**Exercise**
Starting with the line that has "In this video, we" in the records below and stopping after the line that has "Right now we", output every line exactly and nothing else; skip pictures.

**Input data**
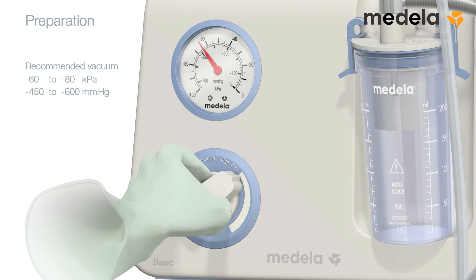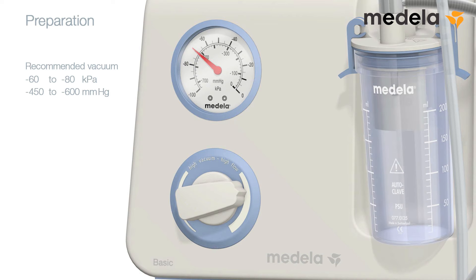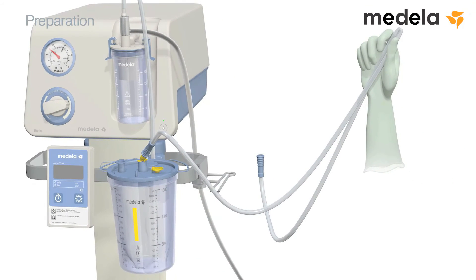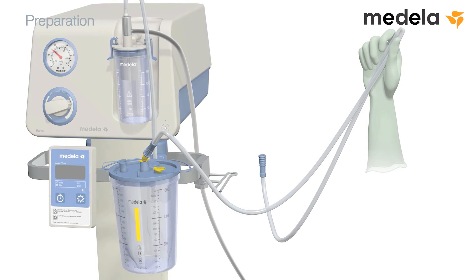The recommended vacuum level is between minus 60 and minus 80 kilopascal. This is equivalent to minus 450 and minus 600 millimetre of mercury. When the vacuum gauge shows that the vacuum is stable at the set level, release the tubing.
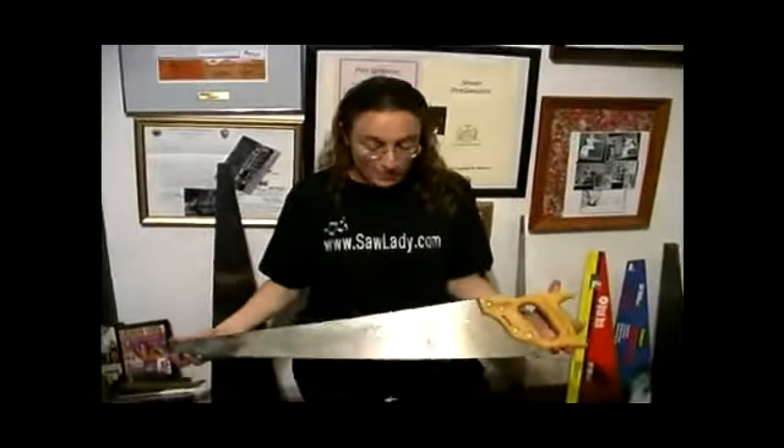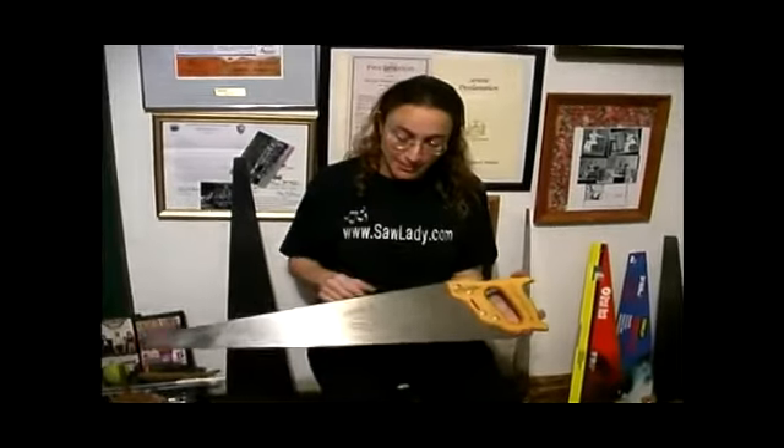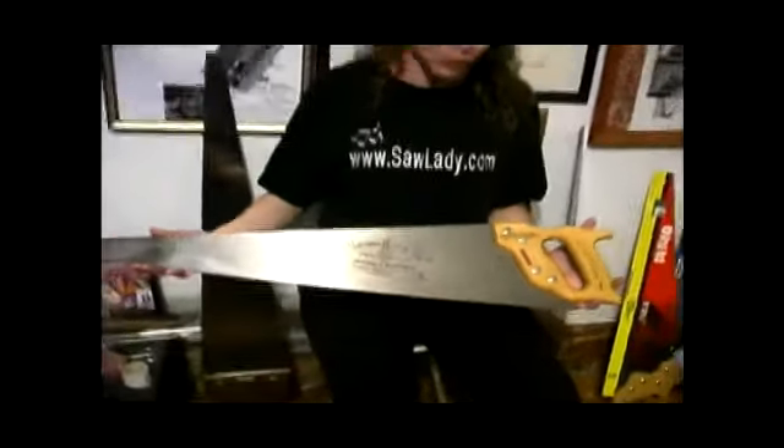There are many companies that make saws especially for music. One of the oldest ones still in existence in the United States today is Muscle and Westphal, and their saw is probably the easiest one to start learning to play on.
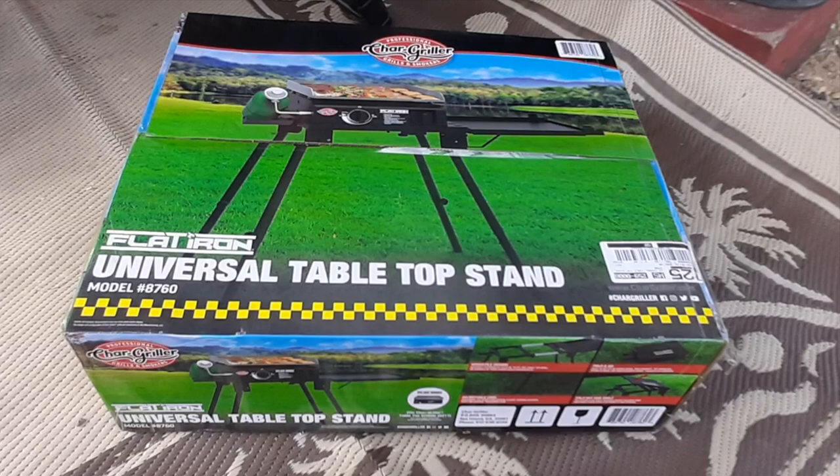In this video, we will be looking at the Chargweller Universal Tabletop Stand for 17 and 22 inch grills, model 8760.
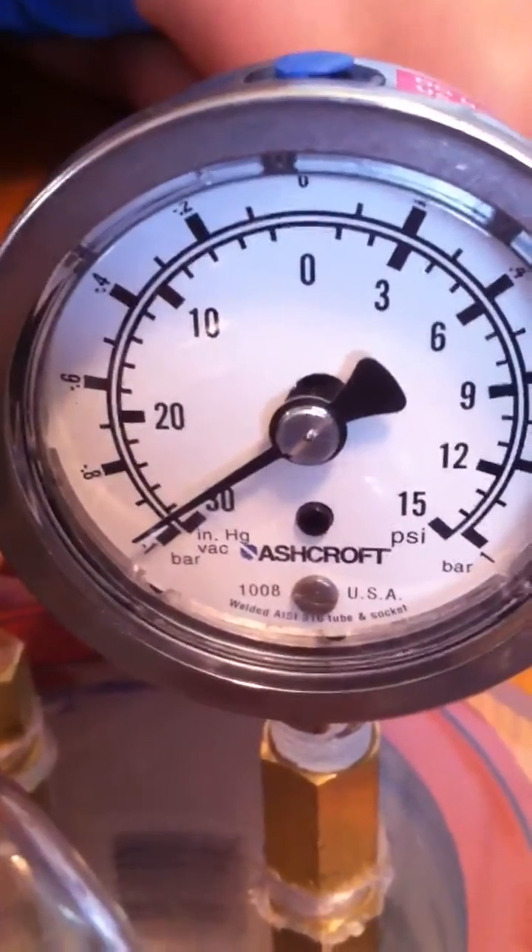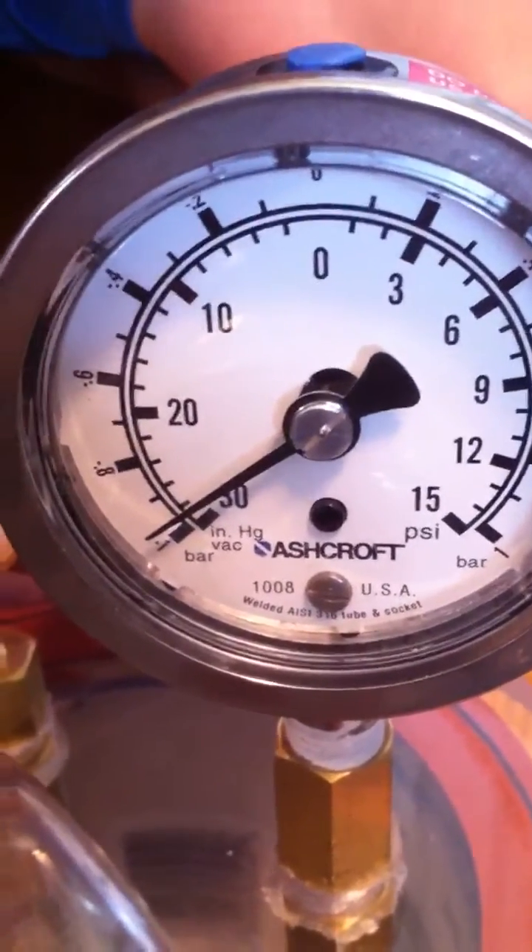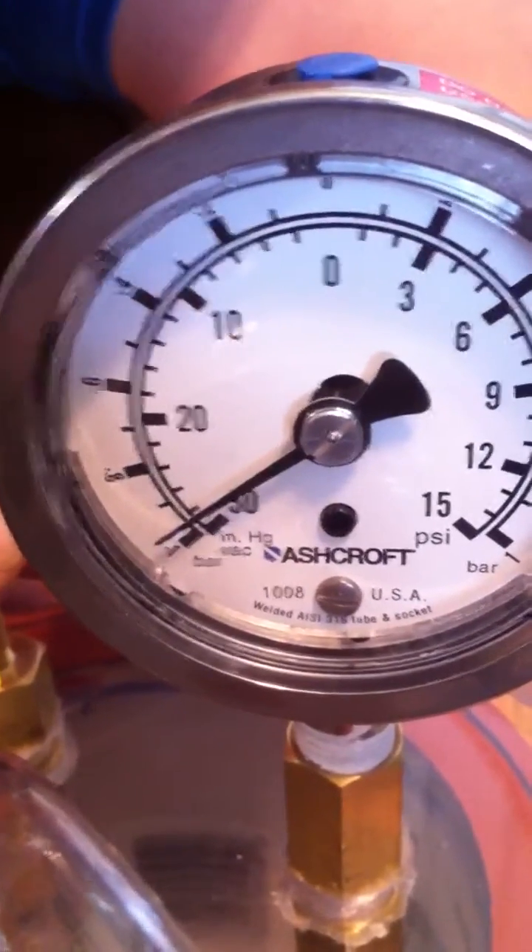Right now we are at almost 29 and a half millimeters of mercury, almost negative one bar, and the water is boiling. Let the air in slowly so it doesn't erupt.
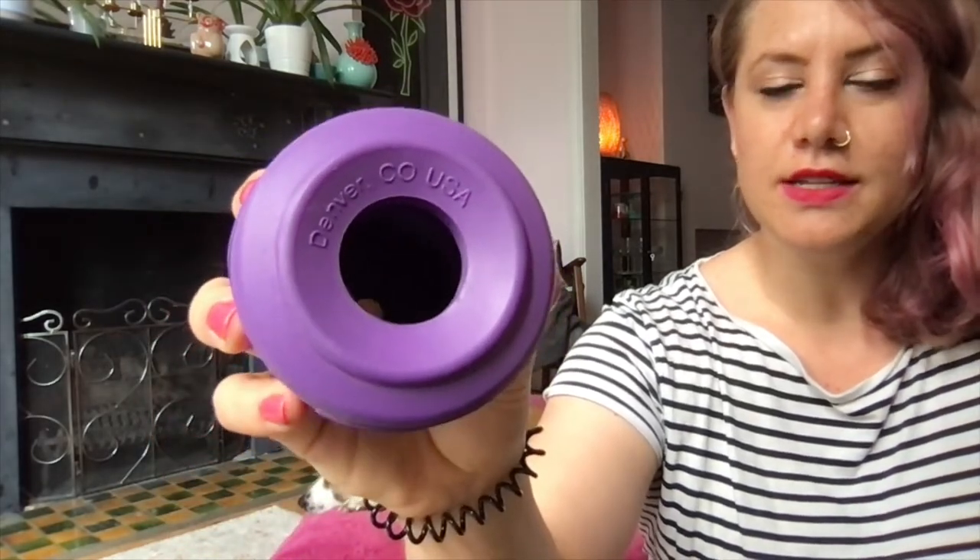My dogs are not super power chewers — they prefer to chew on something edible, like pig ears — so the toys are still in pretty good condition. This product is made in the US, so if you're in the UK like I am, you can order these from different shops.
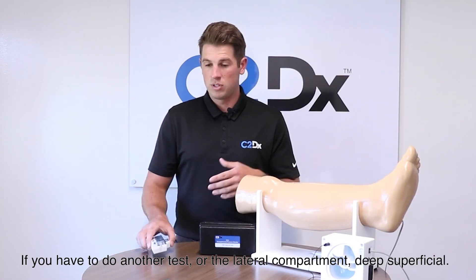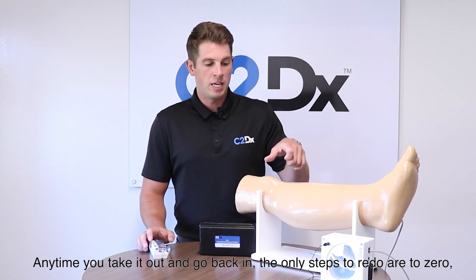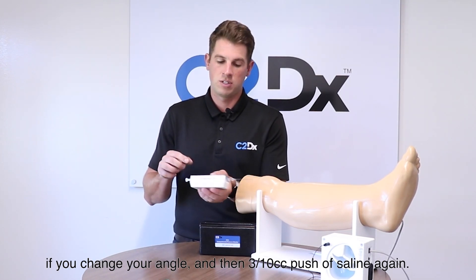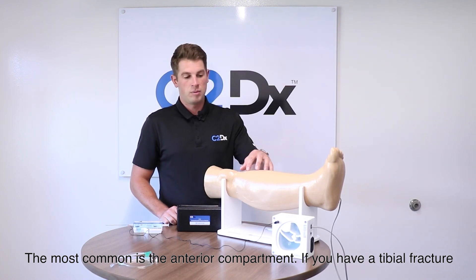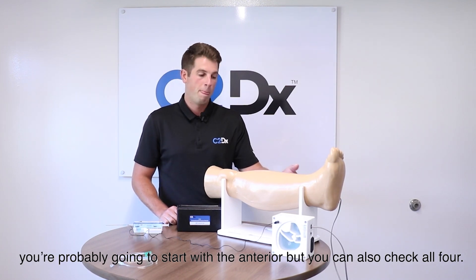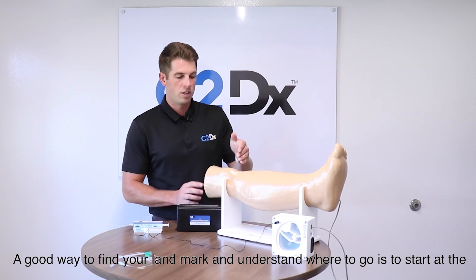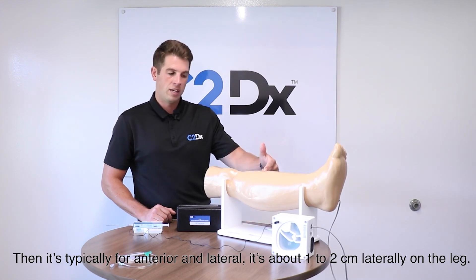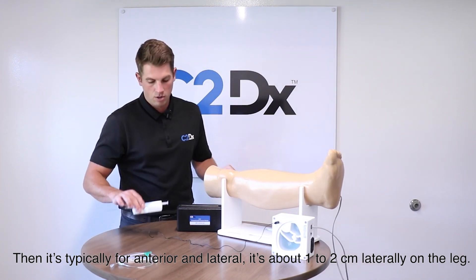If you need to do another test — the lateral, deep, or superficial compartment — any time you take the needle out and go back in, you only need to re-zero if you change your angle, then do the 3/10 cc saline push again. There are four compartments in the lower leg: anterior, lateral, deep posterior, and superficial posterior. The anterior is most common — with a tibial fracture you'll likely start there. A good way to find your landmarks is to start at the patella, go about a third down the midline, then one to two centimeters laterally for the anterior or lateral compartment.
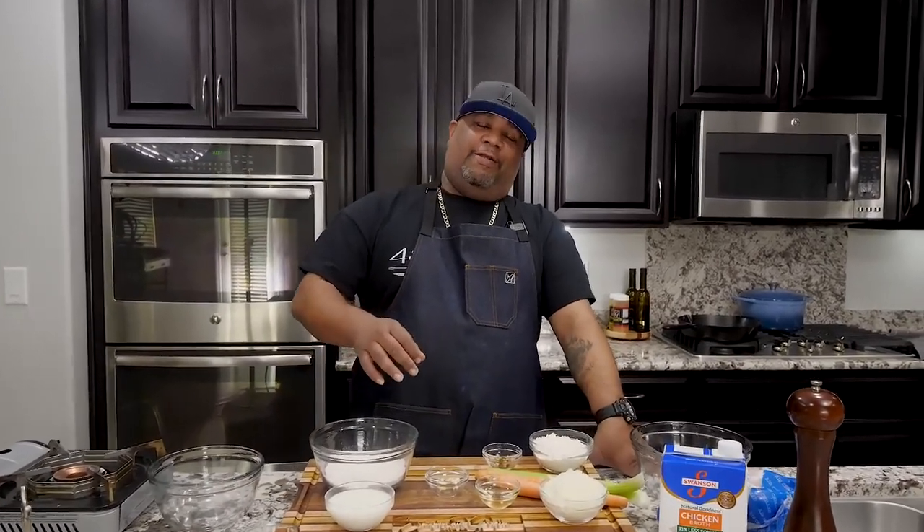Now check it out. I know you guys have already seen that thumbnail and you've read that title, so you're here. Today I'm getting ready to show you guys just how easy it is to make — this is the best chicken and dumplings recipe out there. Let's get it.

**Exercise response**
In this video, we will be looking at the Chargweller Universal Tabletop Stand for 17 and 22 inch grills, model 8760.
Right now we are at almost 29 and a half millimeters of mercury, almost negative one bar, and the water is boiling. Let the air in slowly so it doesn't erupt.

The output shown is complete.